It was the docu-series Bad Boy Billionaires that finally pushed me to read The Billionaire Raj by James Crabtree, published by Tim Duggan Books. This beautifully bound item featuring on its dust jacket the Ambanis’s home Antilia reaching disjointedly up into a purple sky had landed on my shelves almost two years ago, courtesy my son. However, despite his constant prodding, I had not got down to reading it, although that had always been on my cards. Perhaps the fact that the makers of the docu-series occasionally called upon Crabtree to share his views on this or that matter finally tipped the balance.
Whatever the reason, I now find myself unable to dislodge my nose from the pages of this curious, complex story communicated in clear, engaging prose. Innumerable voices share innumerable experiences: some come as a bolt from the blue for the average reader, others jog the recall button and the memories come flooding back. And as you read you get a sense of the socio-political, socio-economic and eco-political implications of making more than ‘just a living’ in a country with potential for corruption.
The series that’s airing focuses on three dubious stars of corporate mega-compromise: Vijay Mallya, Nirav Modi and Subroto Roy. The book goes far further, examining the business of business at the topmost echelons, the number of billionaires who have emerged on the Indian scene thanks in large part to their willingness to mix risk with savvy, and not afraid of wheeling-dealing. While the docu-series left me feeling indignant, the book stirs up questions on both sides of the coin as it even-handedly draws an enormous picture that demands your attention.

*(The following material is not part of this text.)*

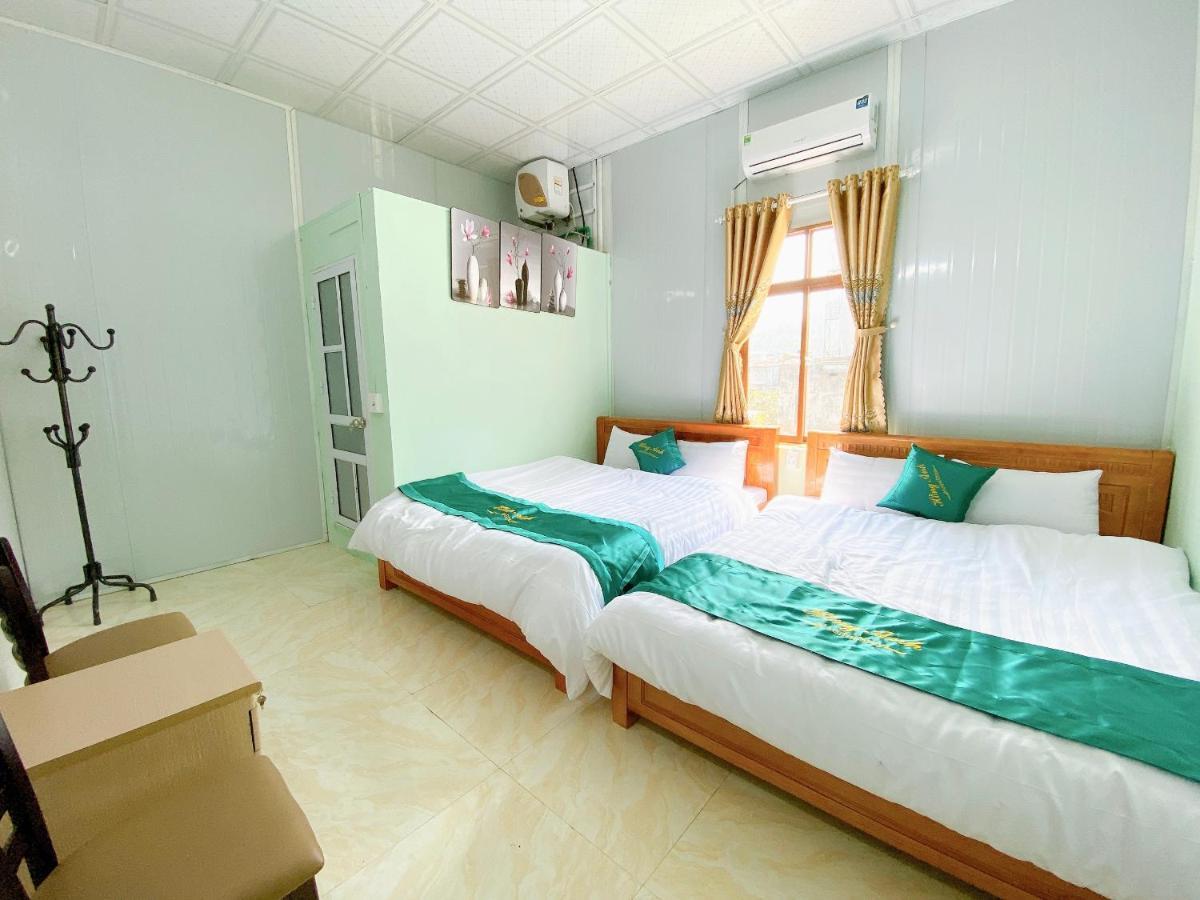 Homestay Hong Anh Донг Ван Екстериор снимка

There’s a context to the description that follows the title: A Journey through India’s New Gilded Age. The term ‘gilded age’ is taken from a reference to the period between the end of the Civil War in 1865 to the turn of the twentieth century — in the United States. Crabtree quotes a historian as saying it was the era of ‘the great corporation, the crass plutocrat [and] the calculating political boss’. A nation that had all along seen itself as ‘a rural, egalitarian idyll: a nation of yeoman farmers governed by gentlemen politicians’ was transformed ‘into a giant continental economy and the world’s leading industrial power’. This ‘growth gave birth to a new generation of plutocrats’, people who grew their businesses and their wealth at an impossibly fast pace and were not averse to vulgar displays of that wealth. For this they earned the sobriquet ‘robber barons’.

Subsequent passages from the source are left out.